Francisco Villarroel era un joven impetuoso, con ganas de comerse al mundo. Recibió la oportunidad de la vida de ir a estudiar a París. Nunca pensó que en esos años (finales de la década de los 80) conseguiría en la llamada Ciudad Luz la razón que más de tres décadas después lo llevaría por festivales por todo el mundo.

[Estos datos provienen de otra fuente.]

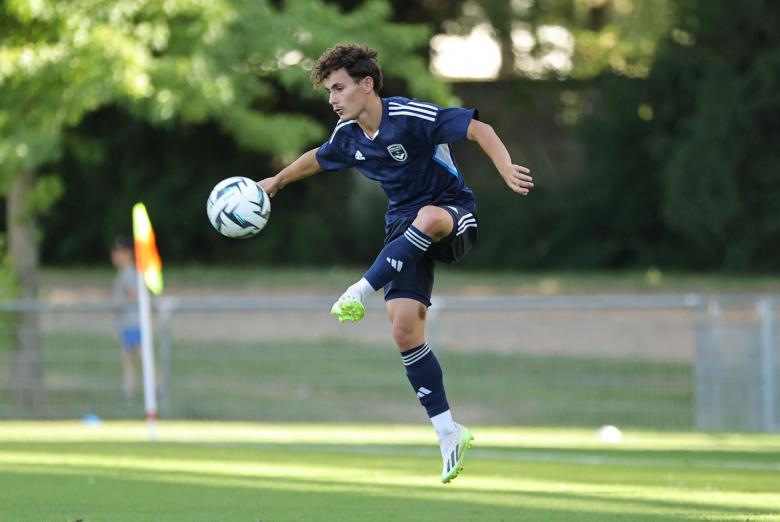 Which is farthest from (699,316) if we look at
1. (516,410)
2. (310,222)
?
(310,222)

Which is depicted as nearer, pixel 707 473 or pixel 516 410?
pixel 707 473

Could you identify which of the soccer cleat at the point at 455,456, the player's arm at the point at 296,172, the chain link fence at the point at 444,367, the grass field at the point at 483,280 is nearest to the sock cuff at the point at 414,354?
the soccer cleat at the point at 455,456

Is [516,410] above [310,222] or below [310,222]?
below

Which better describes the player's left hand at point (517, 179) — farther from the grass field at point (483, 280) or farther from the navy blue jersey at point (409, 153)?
the grass field at point (483, 280)

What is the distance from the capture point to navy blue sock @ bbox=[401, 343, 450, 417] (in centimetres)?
833

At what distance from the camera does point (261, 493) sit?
8.99 metres

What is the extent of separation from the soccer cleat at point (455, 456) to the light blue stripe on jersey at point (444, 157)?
1583 mm

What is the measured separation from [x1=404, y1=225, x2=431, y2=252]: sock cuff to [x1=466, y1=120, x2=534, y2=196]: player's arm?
22.8 inches

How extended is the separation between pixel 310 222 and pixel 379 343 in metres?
9.61

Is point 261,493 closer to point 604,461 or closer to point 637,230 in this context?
point 604,461

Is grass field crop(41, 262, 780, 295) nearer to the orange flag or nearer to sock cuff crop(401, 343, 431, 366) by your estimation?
the orange flag

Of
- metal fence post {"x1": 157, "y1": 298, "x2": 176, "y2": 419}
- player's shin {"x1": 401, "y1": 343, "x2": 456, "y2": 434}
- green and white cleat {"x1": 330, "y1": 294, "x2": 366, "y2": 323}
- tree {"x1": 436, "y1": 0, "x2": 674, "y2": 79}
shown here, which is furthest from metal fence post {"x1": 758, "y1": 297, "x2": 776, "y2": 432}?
tree {"x1": 436, "y1": 0, "x2": 674, "y2": 79}

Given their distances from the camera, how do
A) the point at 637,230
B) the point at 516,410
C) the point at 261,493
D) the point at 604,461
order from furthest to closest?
1. the point at 637,230
2. the point at 516,410
3. the point at 604,461
4. the point at 261,493

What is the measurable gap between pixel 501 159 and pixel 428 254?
2.96 feet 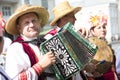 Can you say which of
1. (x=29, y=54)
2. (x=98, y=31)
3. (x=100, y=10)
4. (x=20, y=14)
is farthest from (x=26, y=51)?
(x=100, y=10)

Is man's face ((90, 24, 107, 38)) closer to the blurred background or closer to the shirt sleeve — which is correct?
the shirt sleeve

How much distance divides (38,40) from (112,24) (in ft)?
90.2

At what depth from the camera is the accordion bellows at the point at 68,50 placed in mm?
2404

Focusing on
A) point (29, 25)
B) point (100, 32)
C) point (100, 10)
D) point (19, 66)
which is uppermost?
point (29, 25)

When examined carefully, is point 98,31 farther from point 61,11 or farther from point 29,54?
point 29,54

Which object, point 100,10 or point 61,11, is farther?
point 100,10

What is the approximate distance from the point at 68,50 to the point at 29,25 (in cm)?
41

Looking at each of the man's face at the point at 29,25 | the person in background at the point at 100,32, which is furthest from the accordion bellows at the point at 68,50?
the person in background at the point at 100,32

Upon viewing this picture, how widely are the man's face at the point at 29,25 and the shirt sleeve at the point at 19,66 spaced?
5.6 inches

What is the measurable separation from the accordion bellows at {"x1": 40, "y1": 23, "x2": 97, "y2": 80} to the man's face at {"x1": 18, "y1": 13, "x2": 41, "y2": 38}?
0.25m

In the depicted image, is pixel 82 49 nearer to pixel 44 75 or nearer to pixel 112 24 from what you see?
pixel 44 75

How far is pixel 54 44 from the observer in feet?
7.87

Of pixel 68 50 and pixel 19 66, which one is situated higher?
pixel 68 50

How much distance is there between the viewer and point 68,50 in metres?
2.41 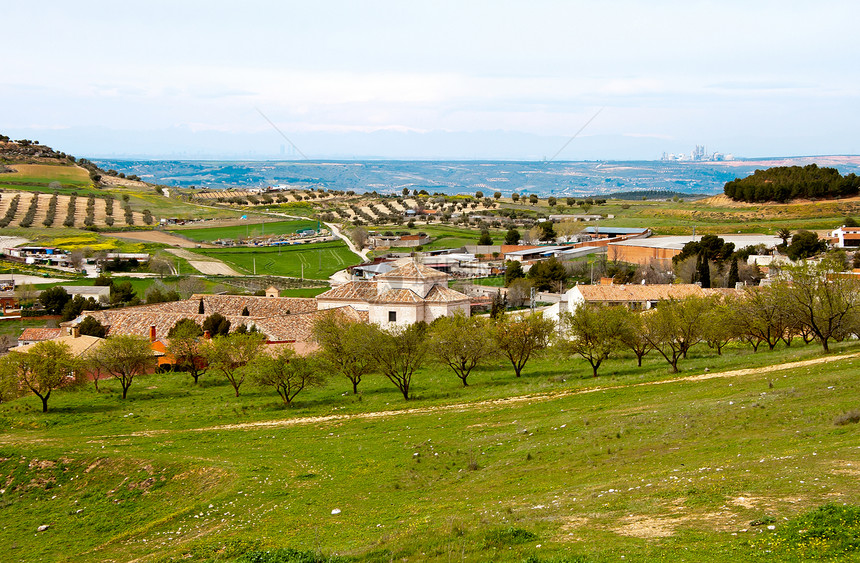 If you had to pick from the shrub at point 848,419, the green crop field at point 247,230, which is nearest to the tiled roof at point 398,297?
the shrub at point 848,419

Su propia historia de amor fue la inspiración de Dos otoños en París, película que llegó hace dos días a los cines venezolanos. Se trata de la ópera prima de la directora venezolana Gibelys Coronado, quien hizo para la gran pantalla la adaptación del libro homónimo de Villarroel. Él, además, coescribió el guion junto a Gustavo Michelena; fue el productor de la cinta y el protagonista adulto de la misma.
La trama no solo aborda la propia para hilar la historia. Sucesos emblemáticos como la caída del Muro de Berlín y los sucesos de “El Caracazo” también se convirtieron en recursos para la realización.
No obstante, el foco está en Antonio, un joven venezolano estudiante de Derecho, y María Teresa, una joven paraguaya quien luego de ser torturada durante el gobierno de Alfredo Stroessner, se exilia en París.
—¿Cómo fue el proceso de recrear en la ficción una cadena de hechos reales?
—Tanto el libro como la película retratan los ímpetus de la juventud. La pasión que todos tenemos en ese momento de efervescencia. Y más en una época como la que retratamos que pasó de ser un mundo que vivía la eterna Guerra Fría a la apertura a otros modelos y maneras de vivir. La caída del Muro de Berlín fue un símbolo muy fuerte que no podía dejar pasar, en medio de la historia.
—¿Cuándo escribió el libro pensó que en algún momento llegaría al cine?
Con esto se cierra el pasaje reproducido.